Quando o filme termina, estamos
incomodados com uma dezena de assuntos importantes que tentamos resolver no
filme e na vida, mas que, de fato, só nos resta tentar ser o menos injusto
possível. A constatação é bem clara: somos os monstros, principalmente por não
conseguir dimensionar a complexidade dos afetos que se desenrolam nas vidas
(ficcionais ou não). Para um professor, com a função de avaliar, aprovar e
reprovar inerente ao processo educativo, fica a sensação de que faltam recursos
para uma avaliação justa e, portanto, só resta a avaliação possível que,
particularmente falando, espero fazer sempre a mais generosa.

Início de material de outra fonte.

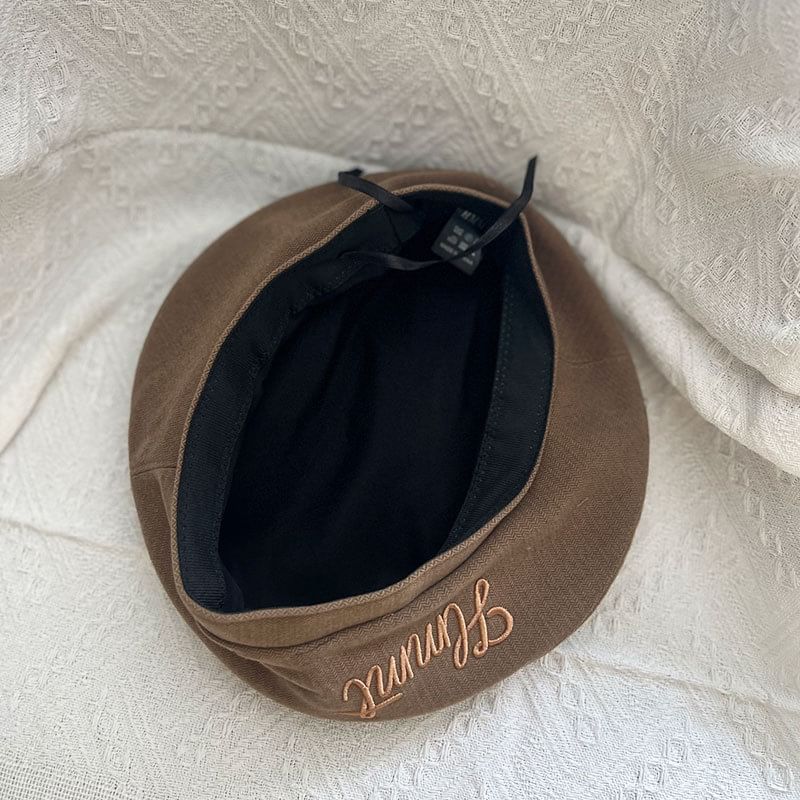 Embroidered Lettering Beret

O filme começa (várias vezes) com
um prédio pegando fogo. Descobrimos que é um prédio de prostituição e, depois,
descobrimos que Eri, o menino mais doce do filme, criado por um pai alcoólatra
e abandonado pela mulher, foi o responsável pelo fogo. Quando Minato lhe pergunta
por que fizera aquilo. O inocente Eri responde: “O álcool faz mal às pessoas.”
Depois descobrimos que a vida faz mal às pessoas, sobretudo a essas duas
crianças que, para sobreviver, constroem um pequeno paraíso dentro de um vagão
abandonado nas imediações da cidade. (Também isso me fez pensar em Brokeback
Mountain.)
Ainda dava para escrever outra
resenha sobre o ser mãe solteira no Japão, sobre o pacto de silêncio que
envolve a diretora Fushimi, (Yūko Tanaka), que assim defende tanto a escola
quanto a si mesma (em uma cena, repetida algumas vezes, ela está de joelhas
limpando com uma espátula o chão da escola), e o coitado do professor, cujo
carinho e cuidado com os alunos não impedem que seja envolvido numa situação
total de injusta. Mas paro por aqui, acrescentando que o fim é belo e surpreendente.